AI could help reach this holistic, unbiased perspective. Unlike humans, who have to overcome natural biases towards the system areas they’re most familiar with, AIs can look at the entire system objectively. They can parse large amounts of user data without preconceptions of what users “ought” to be doing. With this perspective, they could recommend standards and priorities more aligned with business objectives than any team of humans could, using a fraction of the time and effort.

Risks of Relying on AI Perspectives

At the end of the day, the vision is of an AI model that could parse tons of business data and objectives and come up with recommendations. To have an AI that performs this as well as an experienced human, minus the human’s biases and preconceptions, would be a massive achievement. But such a human could still make a mistake.
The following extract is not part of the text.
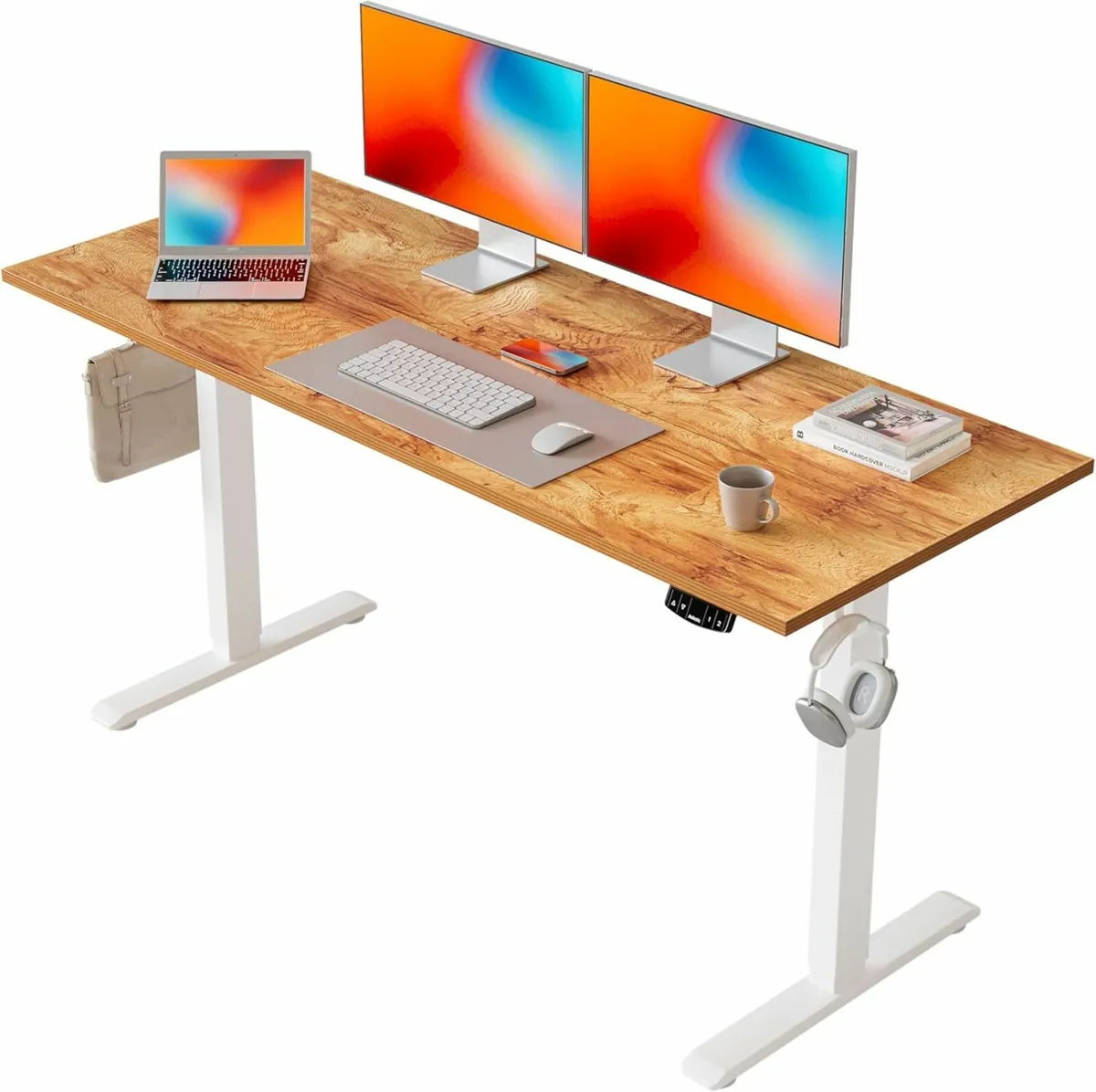Electric Standing Desk, 140 x 60 cm Office Brown - Image 1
The way to mitigate this risk is the same as mitigating the existing human risk — with continuous review and learning. No AI can be psychic; there will always be unexpected factors that change what the “right” answer is. Having clear objectives for these choices, in terms of customer retention or system uptime, then reviewing if the standards and priorities are meeting these objectives, will always be a necessary component of business success. Learn something new each time, and teach it to your AI advisor, too.

Empowering Human Resilience with AI

The reactions to AI among engineers are understandably mixed. Sure, in the short term, we’ve already seen it reduce toil, stressors and cognitive load for many tasks. But with that reduction, we’ve seen many organizations shortsightedly try to lay off engineers, hoping the remaining ones will use AI to be productive enough to make up for the losses. Looking at the prospect of future AI doing more strategic and meaningful work, fears of job insecurity and feelings of pointlessness are totally valid.

In the worst case, employees of an AI-embracing organization could leave en masse. This is obviously bad in a general sense, but it could be devastating for the reliability of your service. Losing the resilience of your practitioners is a far greater loss than any benefits that the AI provided. The adaptability, flexibility and, for lack of a better word, grit of humans working in reliability can’t be matched by any algorithm.

Leaders need to make it clear that AI is an ally in the reliability solution, not a replacement. The focus should always be on empowering humans to do work that’s more impactful and interesting, with AI sweeping up the toilsome tasks behind it. Even when AI could potentially tackle the currently impactful and interesting work, reassure engineers that they’ll move on to an even more strategic and directive position that makes use of their unique strengths as humans. Engineers should be brought up to their full potential as individuals contributing to the organization, rather than specific job functions that could be optimized away.

Once engineers feel truly valued as humans, rather than just a collection of MTTx metrics or lines of code written, they become truly resilient. AI learning tools can help cross-team appreciation and a greater holistic perspective on the whole system. Imagine requesting “a PowerPoint summary of each service area, also breaking down its impact on usage data” and getting something in minutes. Engineers would be able to deal with adversity with a greater strategic perspective, boosting retention and satisfaction.

In conclusion, we’ve only been scraping the surface of what AI can accomplish in the world of reliability. In a few years, even these predictions may seem humble and simplistic. The important thing is to invest in humans and processes to mitigate the risks that the AI revolution will bring. Just like leaping to the cloud, splitting your monolith into microservices or even putting yourself online decades ago, adopting AI will come with game-changing challenges and opportunities. We hope you’re thinking positively about facing them.